Tras la falta de consenso por el uso del recurso hídrico de la represa Vizcachas y los retrasos en el Compromiso 11, el Comité de Monitoreo suspendió su sesión. El próximo 18 de junio se reiniciará el diálogo con la intervención de la ANA y Pasto Grande.
La última sesión plenaria del Comité de Monitoreo de Quellaveco concluyó sin acuerdos entre la empresa Anglo American, autoridades regionales y representantes de la sociedad civil. El punto de conflicto fue una propuesta de emergencia: el uso de los recursos hídricos de la represa Vizcachas bajo el esquema de “agua por agua” para atender la demanda inmediata de la población. La iniciativa no logró consenso.
Conflicto hídrico
La urgencia de la población moqueguana colisiona con los cálculos técnicos de la minera. Ante la demora en la construcción de la presa Asana, diversos sectores exigieron el uso temporal del agua de la represa Vizcachas. Sin embargo, la respuesta de Anglo American fue de rechazo. Representantes de la compañía señalaron que el recurso hídrico está comprometido.
Según precisaron, cerca del 80% del agua está destinada a compromisos ambientales, caudales ecológicos y reservas estratégicas como Pasto Grande. El volumen restante está sujeto a la variabilidad climática, lo que impide proyectar excedentes o habilitar nuevas asignaciones.
Esta posición fue cuestionada por los dirigentes sociales, quienes sostienen que la crisis de abastecimiento es actual y no puede depender de los extensos plazos de los proyectos de infraestructura principal.
La ruta hacia el 2032
El trasfondo del desacuerdo se centra en los plazos del Compromiso 11, que contempla la construcción de la presa Asana con capacidad para 2.5 millones de metros cúbicos de agua.
Aunque Anglo American presentó una optimización de cronogramas, los tiempos son considerados extensos frente a la urgencia regional.

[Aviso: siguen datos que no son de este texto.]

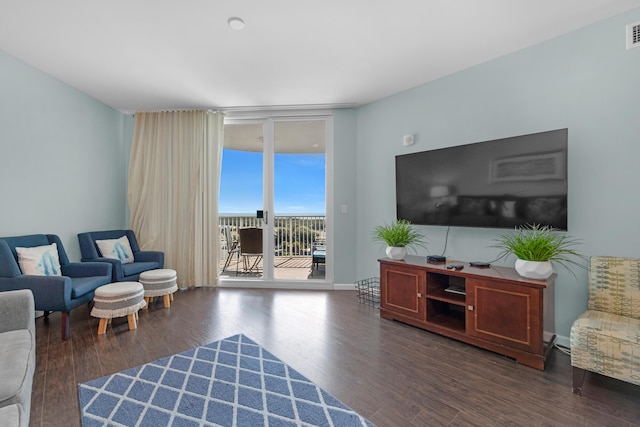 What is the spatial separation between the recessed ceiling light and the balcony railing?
3.11m

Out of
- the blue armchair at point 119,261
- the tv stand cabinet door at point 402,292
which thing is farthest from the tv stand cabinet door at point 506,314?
the blue armchair at point 119,261

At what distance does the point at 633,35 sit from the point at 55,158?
552 centimetres

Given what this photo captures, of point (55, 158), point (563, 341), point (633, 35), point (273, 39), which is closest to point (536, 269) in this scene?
point (563, 341)

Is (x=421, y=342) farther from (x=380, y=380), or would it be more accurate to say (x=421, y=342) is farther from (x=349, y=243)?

El inicio de la obra está previsto entre diciembre de 2028 y febrero de 2029, con un periodo de ejecución de cuatro a cinco años, lo que proyecta su entrada en operación en 2032.
Otros puntos sobre Asana
La minera precisó además que el proyecto será ejecutado bajo sus propios mecanismos, sin pasar por el sistema estatal INVIERTE.PE, y que asumirá la operación y el mantenimiento total de la infraestructura.
Ante este escenario, la población formalizó el pedido de una propuesta de compensación por los retrasos acumulados. La solicitud plantea que el resarcimiento económico y social no solo cubra el periodo actual, sino que incorpore las pérdidas históricas y las proyectadas hasta el año 2032.

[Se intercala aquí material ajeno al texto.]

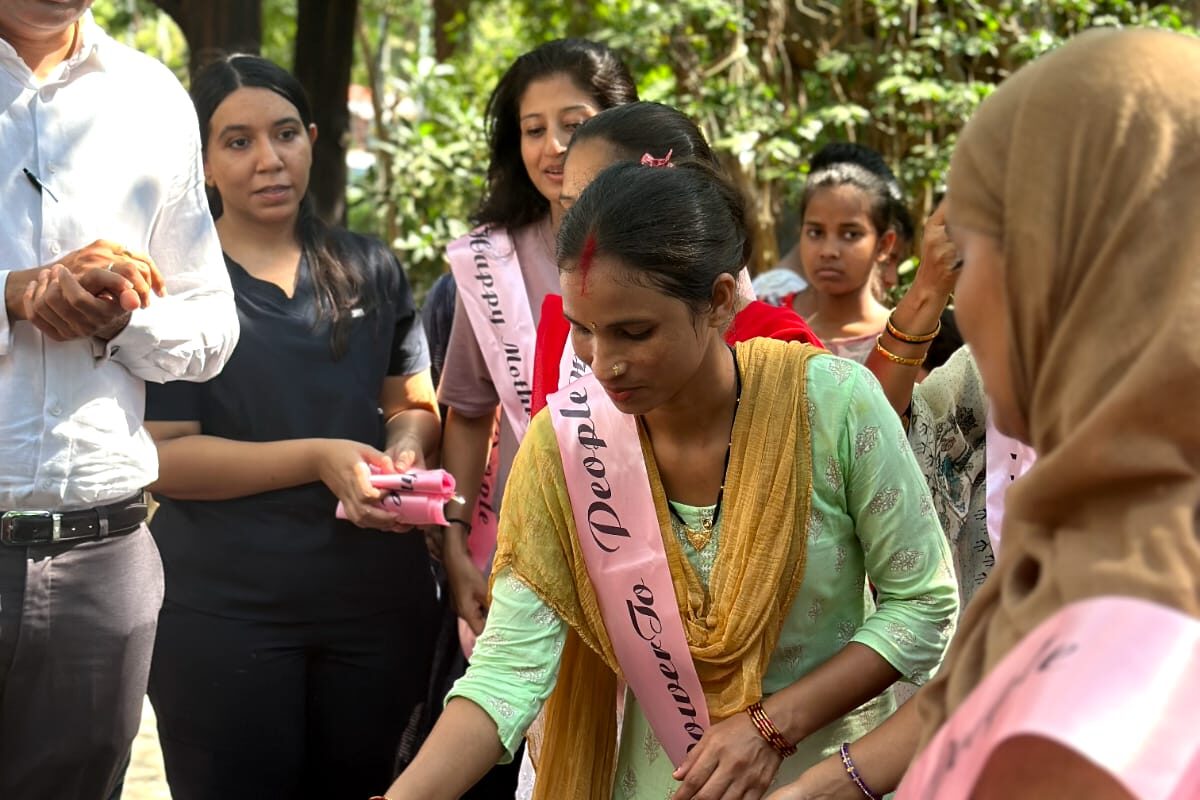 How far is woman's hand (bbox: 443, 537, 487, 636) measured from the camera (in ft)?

Asimismo, se acordó solicitar al Congreso de la República la declaratoria de interés nacional del proyecto, con el fin de impulsar una mayor celeridad en su ejecución.
Intervenciones
Pese al entrampamiento central, la sesión dejó constancia de algunos avances en obras de mitigación y desarrollo agrícola en las zonas de influencia directa.
Entre los proyectos informados destacan la mejora de 3.5 kilómetros de canales de riego, la instalación de 120 módulos de riego tecnificado en el sector de Tumilaca, la rehabilitación de 10 bocatomas y la implementación de plantas de tratamiento de agua potable en diversas localidades vulnerables.
Ante la falta de entendimiento, el Comité de Monitoreo acordó convocar a un arbitraje técnico e institucional. La sesión fue suspendida y reprogramada para el próximo 18 de junio.
En esa fecha participarán la Autoridad Nacional del Agua (ANA), el Proyecto Especial Regional Pasto Grande y el Programa Subsectorial de Irrigaciones, entidades que evaluarán de manera técnica la viabilidad del uso del agua de Vizcachas o propondrán alternativas para destrabar el conflicto.
Dato
La Mesa de Diálogo de Quellaveco, que dio origen a los 26 compromisos asumidos por Anglo American, se instaló en 2011 y requirió 18 meses de negociación.